▸ **MATERIAL FOR THIS TASK**:
•••

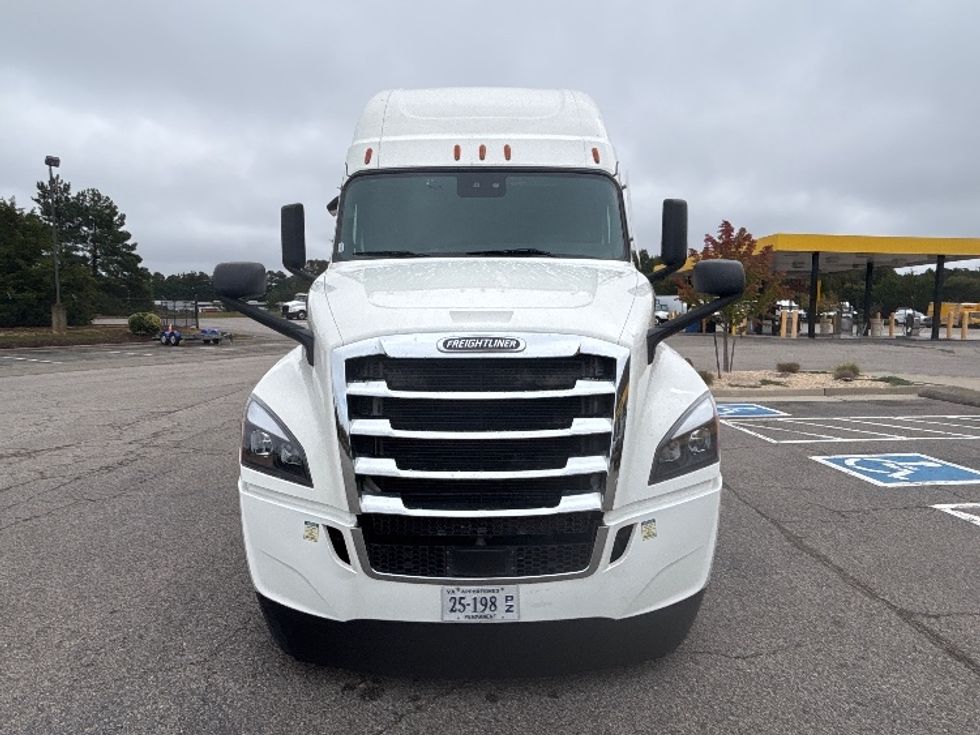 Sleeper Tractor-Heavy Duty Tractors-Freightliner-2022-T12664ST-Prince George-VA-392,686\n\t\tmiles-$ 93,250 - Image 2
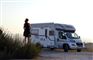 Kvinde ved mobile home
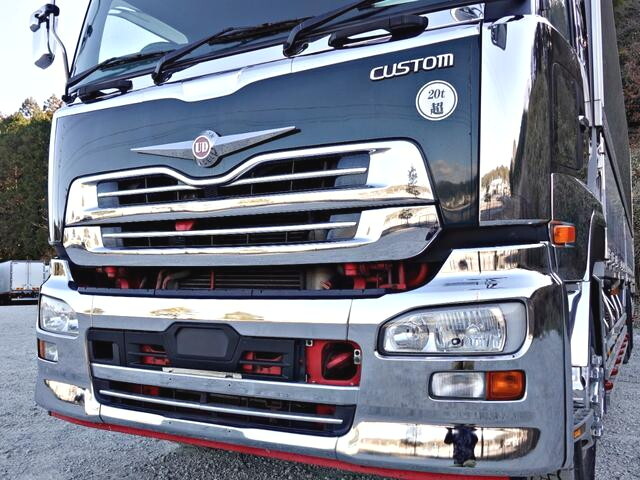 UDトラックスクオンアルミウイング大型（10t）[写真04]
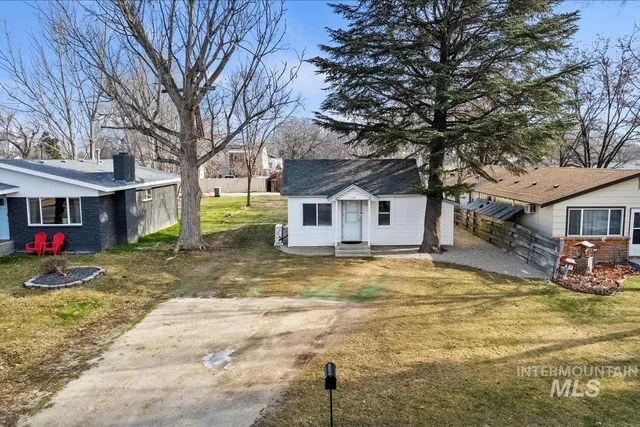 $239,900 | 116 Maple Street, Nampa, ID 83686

•••

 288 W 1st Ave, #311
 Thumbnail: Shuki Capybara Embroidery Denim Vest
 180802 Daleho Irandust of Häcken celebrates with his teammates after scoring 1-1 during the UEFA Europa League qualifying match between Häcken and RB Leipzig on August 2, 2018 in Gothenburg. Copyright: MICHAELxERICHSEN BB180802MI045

•••

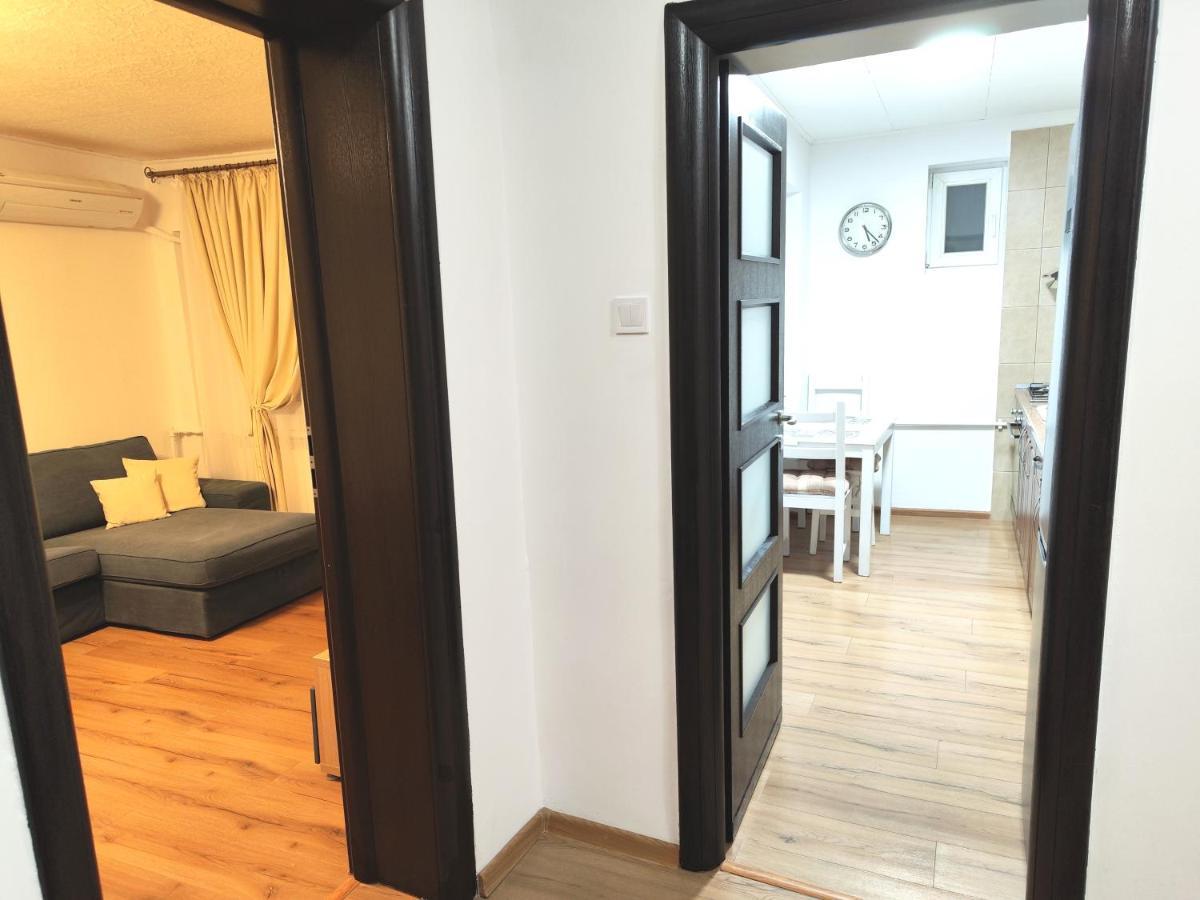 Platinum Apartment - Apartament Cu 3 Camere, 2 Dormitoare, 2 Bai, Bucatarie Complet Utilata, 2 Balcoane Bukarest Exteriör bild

•••

Would you please reproduce the entries above, starting at the line with "Sleeper Tractor-Heavy Duty" and stopping after the line with "Nampa, ID 83686"? Omit any pictures.

 Sleeper Tractor-Heavy Duty Tractors-Freightliner-2022-T12664ST-Prince George-VA-392,686\n\t\tmiles-$ 93,250 - Image 2
 Kvinde ved mobile home
 UDトラックスクオンアルミウイング大型（10t）[写真04]
 $239,900 | 116 Maple Street, Nampa, ID 83686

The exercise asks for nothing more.